Govt injects capital in RBB, to buy NBL rights shares
Mon, Jul 16, 2012 12:00 AM on Others,
KATHMANDU, JULY 16:
The government has decided to step in and pump funds to help with the restructuring of two state-owned commercial banks.
The cabinet meeting held today has approved financial assistance for the recapitalisation of Rastriya Banijya Bank (RBB) and Nepal Bank Ltd (NBL). It has approved the injection of Rs 4.32 billion to RBB.
Likewise, it has given a green signal to the government for the purchase of rights shares worth Rs 1.37 billion of NBL’s upcoming rights issue. The budget of the current fiscal year had announced that banks and financial institutions in which the government was involved in would be restructured with necessary capitalisation.
Both the commercial banks are in need of capital injection to make their net worth positive along with increasing their paid up capital to Rs two billion as directed by Nepal Rastra Bank.
NBL has already started its recapitalisation plan and will issue rights shares to existing shareholders at 1:9.5 ratio.
According to NBL's plan of increasing its paid up capital to Rs four billion, the bank has planned to raise funds worth Rs 3.62 billion by issuing rights shares to existing shareholders. The government is the largest stakeholder in the bank with 41 per cent ownership. The other public shareholders of the bank were positive about the rights issue.

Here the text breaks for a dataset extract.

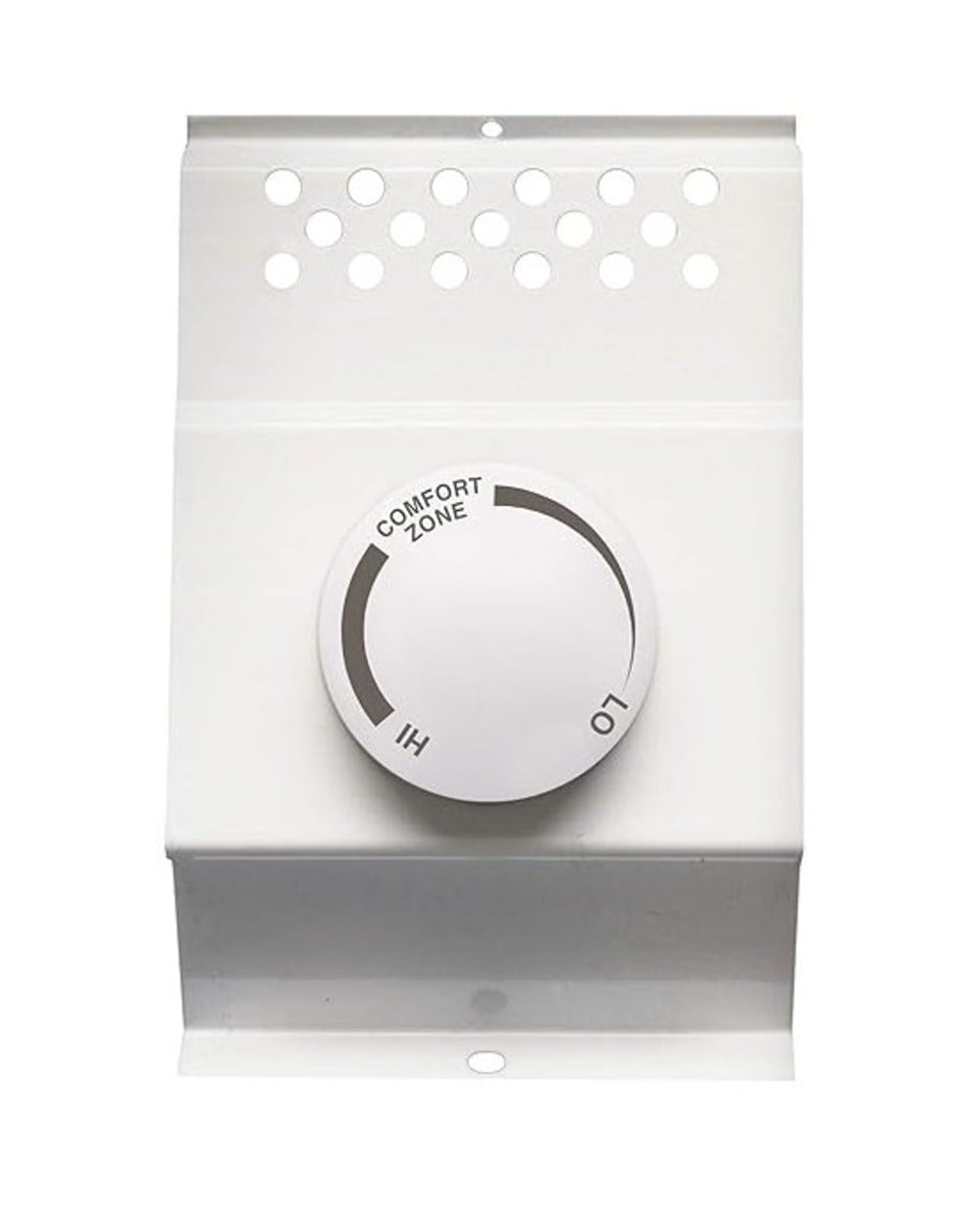 CADET Cadet 08732 Single Pole Built-In Baseboard Thermostat 22 Amp (Model BTF1W)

Moreover, the bank has decided to sell its assets and raise about Rs two billion and capitalise profits worth Rs one billion. NBL’s capital fund is negative by Rs 4.2 billion.
RBB on the other hand was pursuing a merger with another state-owned financial institution –– NIDC Development Bank. The fully state owned bank’s reserve was negative by about Rs 9.8 billion as of the third quarter of this fiscal year.

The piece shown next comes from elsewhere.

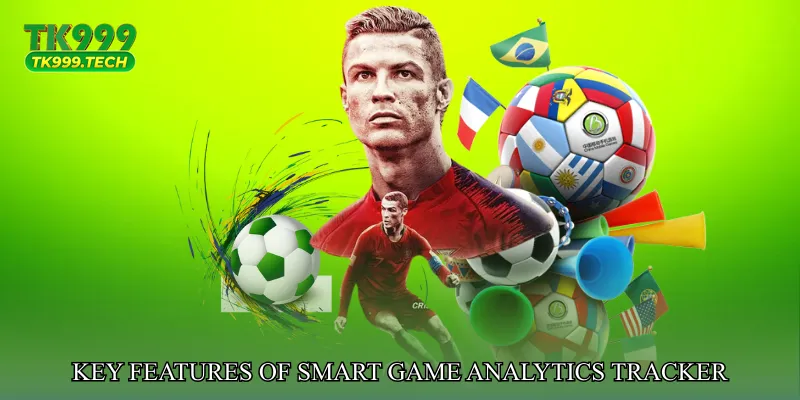 Key Features of Smart Game Analytics Tracker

The bank was also planning to recover bad loans, sell non-banking assets and divest stakes in many profitable ventures such as Nepal Investment Bank thus generating about Rs four billion. But it still needed financial support from the government to get back on its feet. Both the banks went through almost a decade-long Financial Sector Restructuring Programme since 2002, which improved their performance but their core capital remained negative.
A comprehensive audit of the banks in 1999, had discovered that the banks were on the verge of insolvency due to a large number of willful defaulters thus the need for the restructuring programme. There was fear that the failure of these two largest banks in the Nepali financial sector would bring about a systemic failure in the market.